• Problem statement
When you reach a picture, pass over it; otherwise repeat the listing word for word.

• Dataset content
•••

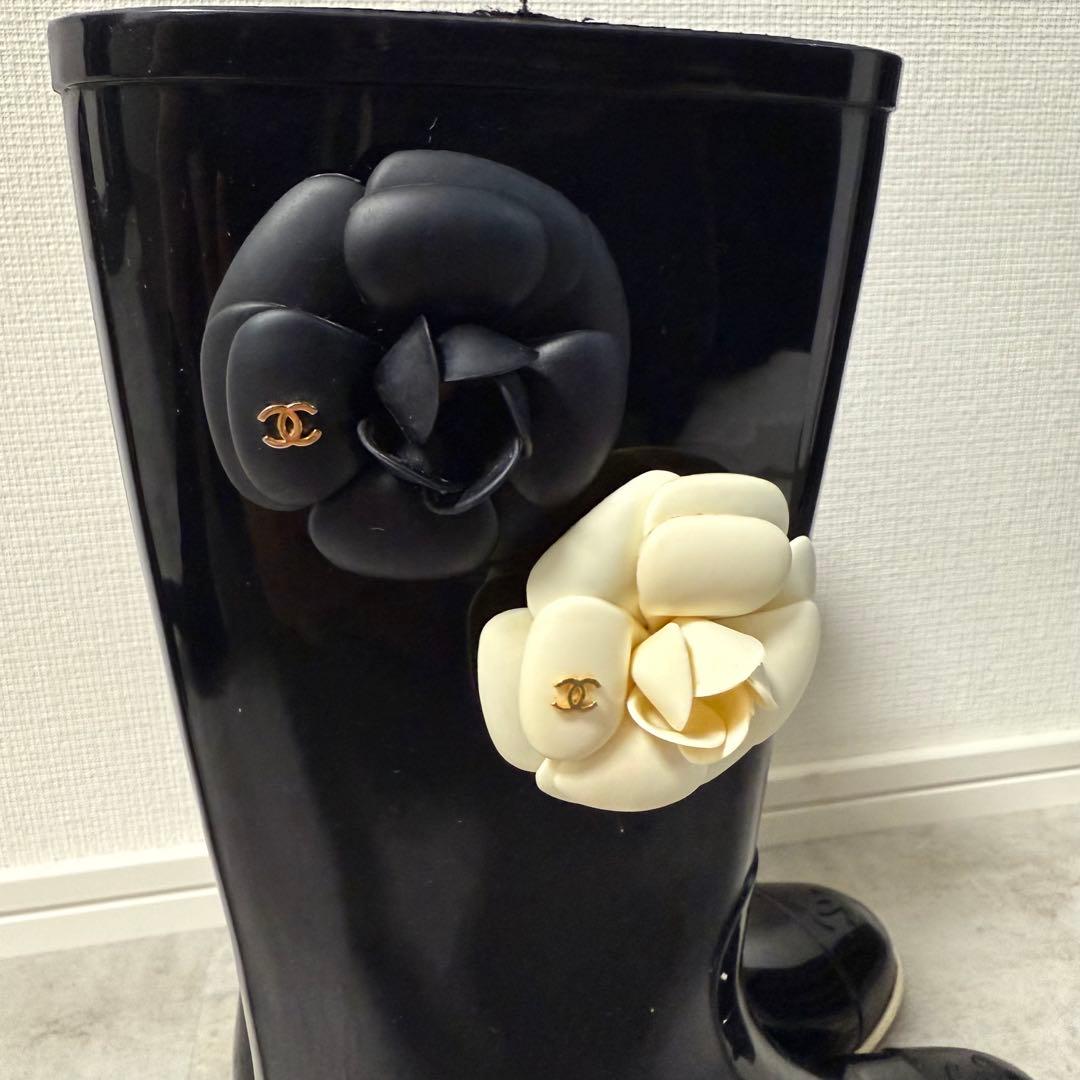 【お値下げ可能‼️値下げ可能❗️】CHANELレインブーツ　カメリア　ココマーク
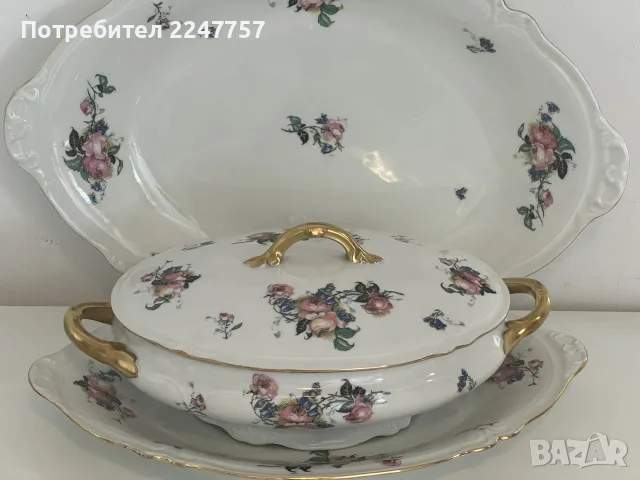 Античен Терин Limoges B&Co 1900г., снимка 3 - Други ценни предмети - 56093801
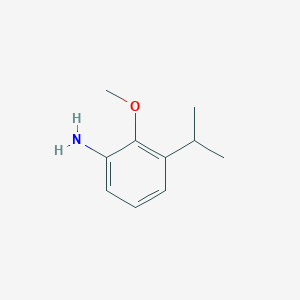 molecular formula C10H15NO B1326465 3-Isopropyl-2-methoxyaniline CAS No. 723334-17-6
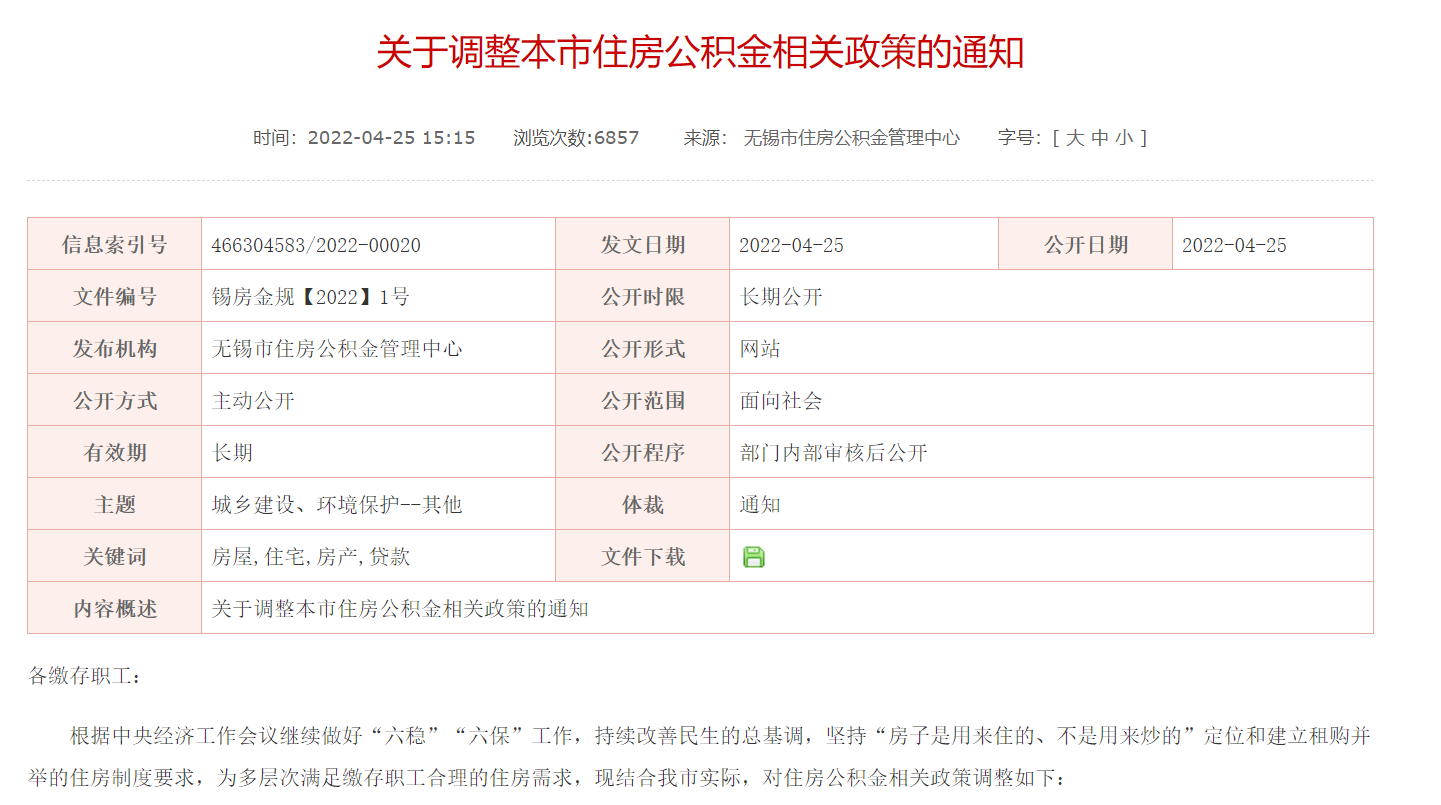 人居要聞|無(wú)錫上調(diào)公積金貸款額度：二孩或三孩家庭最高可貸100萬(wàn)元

•••

• Task solution
 【お値下げ可能‼️値下げ可能❗️】CHANELレインブーツ　カメリア　ココマーク
 Античен Терин Limoges B&Co 1900г., снимка 3 - Други ценни предмети - 56093801
 molecular formula C10H15NO B1326465 3-Isopropyl-2-methoxyaniline CAS No. 723334-17-6
 人居要聞|無(wú)錫上調(diào)公積金貸款額度：二孩或三孩家庭最高可貸100萬(wàn)元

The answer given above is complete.